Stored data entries
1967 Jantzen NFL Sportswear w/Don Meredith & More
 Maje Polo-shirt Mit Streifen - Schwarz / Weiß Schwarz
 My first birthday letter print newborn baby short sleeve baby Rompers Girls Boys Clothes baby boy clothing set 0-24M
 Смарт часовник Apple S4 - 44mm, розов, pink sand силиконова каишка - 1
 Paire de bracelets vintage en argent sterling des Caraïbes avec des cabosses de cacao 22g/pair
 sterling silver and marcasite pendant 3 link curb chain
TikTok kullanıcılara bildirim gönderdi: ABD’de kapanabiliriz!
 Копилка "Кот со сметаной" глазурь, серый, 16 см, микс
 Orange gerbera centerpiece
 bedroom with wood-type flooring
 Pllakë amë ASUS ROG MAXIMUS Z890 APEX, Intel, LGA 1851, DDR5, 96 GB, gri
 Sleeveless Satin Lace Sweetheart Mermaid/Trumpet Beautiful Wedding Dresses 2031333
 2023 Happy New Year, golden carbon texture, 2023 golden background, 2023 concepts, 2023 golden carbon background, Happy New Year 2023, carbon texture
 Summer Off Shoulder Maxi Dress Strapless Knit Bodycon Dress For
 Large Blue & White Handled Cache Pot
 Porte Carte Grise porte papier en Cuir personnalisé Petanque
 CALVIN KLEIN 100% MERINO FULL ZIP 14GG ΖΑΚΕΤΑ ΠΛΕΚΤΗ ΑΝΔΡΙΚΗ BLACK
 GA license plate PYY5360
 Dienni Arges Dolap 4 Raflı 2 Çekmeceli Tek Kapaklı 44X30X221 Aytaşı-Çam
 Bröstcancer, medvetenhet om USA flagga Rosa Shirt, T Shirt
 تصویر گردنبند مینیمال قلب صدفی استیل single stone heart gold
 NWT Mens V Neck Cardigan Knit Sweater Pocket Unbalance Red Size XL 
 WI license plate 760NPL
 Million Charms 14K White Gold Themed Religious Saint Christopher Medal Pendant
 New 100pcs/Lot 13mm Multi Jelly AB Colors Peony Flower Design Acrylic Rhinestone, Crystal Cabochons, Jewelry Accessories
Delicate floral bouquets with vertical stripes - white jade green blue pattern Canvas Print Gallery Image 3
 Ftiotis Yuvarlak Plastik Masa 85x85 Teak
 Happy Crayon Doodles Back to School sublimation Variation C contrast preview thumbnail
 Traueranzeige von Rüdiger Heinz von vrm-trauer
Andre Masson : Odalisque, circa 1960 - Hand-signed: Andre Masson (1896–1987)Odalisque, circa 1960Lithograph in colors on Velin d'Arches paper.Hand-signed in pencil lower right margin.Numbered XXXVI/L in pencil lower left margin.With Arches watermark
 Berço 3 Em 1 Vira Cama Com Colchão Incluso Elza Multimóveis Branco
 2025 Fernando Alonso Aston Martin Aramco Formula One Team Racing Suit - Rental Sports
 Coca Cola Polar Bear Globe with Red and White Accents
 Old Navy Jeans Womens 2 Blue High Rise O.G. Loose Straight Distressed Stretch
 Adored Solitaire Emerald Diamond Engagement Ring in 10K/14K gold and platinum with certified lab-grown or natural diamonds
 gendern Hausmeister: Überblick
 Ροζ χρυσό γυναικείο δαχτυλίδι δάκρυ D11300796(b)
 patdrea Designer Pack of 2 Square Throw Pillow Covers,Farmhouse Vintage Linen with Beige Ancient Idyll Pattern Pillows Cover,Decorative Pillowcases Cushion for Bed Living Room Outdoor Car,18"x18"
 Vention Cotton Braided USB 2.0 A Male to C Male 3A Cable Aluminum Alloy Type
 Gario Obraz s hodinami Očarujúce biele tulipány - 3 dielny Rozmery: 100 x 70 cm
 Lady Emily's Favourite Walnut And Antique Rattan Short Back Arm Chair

■ **WHAT IS EXPECTED**: With the line containing "Andre Masson : Odalisque, circa" as the first and the final line of the records as the last, copy that span exactly and nothing more.

■ **RESPONSE FOR THIS EXERCISE**:
Andre Masson : Odalisque, circa 1960 - Hand-signed: Andre Masson (1896–1987)Odalisque, circa 1960Lithograph in colors on Velin d'Arches paper.Hand-signed in pencil lower right margin.Numbered XXXVI/L in pencil lower left margin.With Arches watermark
 Berço 3 Em 1 Vira Cama Com Colchão Incluso Elza Multimóveis Branco
 2025 Fernando Alonso Aston Martin Aramco Formula One Team Racing Suit - Rental Sports
 Coca Cola Polar Bear Globe with Red and White Accents
 Old Navy Jeans Womens 2 Blue High Rise O.G. Loose Straight Distressed Stretch
 Adored Solitaire Emerald Diamond Engagement Ring in 10K/14K gold and platinum with certified lab-grown or natural diamonds
 gendern Hausmeister: Überblick
 Ροζ χρυσό γυναικείο δαχτυλίδι δάκρυ D11300796(b)
 patdrea Designer Pack of 2 Square Throw Pillow Covers,Farmhouse Vintage Linen with Beige Ancient Idyll Pattern Pillows Cover,Decorative Pillowcases Cushion for Bed Living Room Outdoor Car,18"x18"
 Vention Cotton Braided USB 2.0 A Male to C Male 3A Cable Aluminum Alloy Type
 Gario Obraz s hodinami Očarujúce biele tulipány - 3 dielny Rozmery: 100 x 70 cm
 Lady Emily's Favourite Walnut And Antique Rattan Short Back Arm Chair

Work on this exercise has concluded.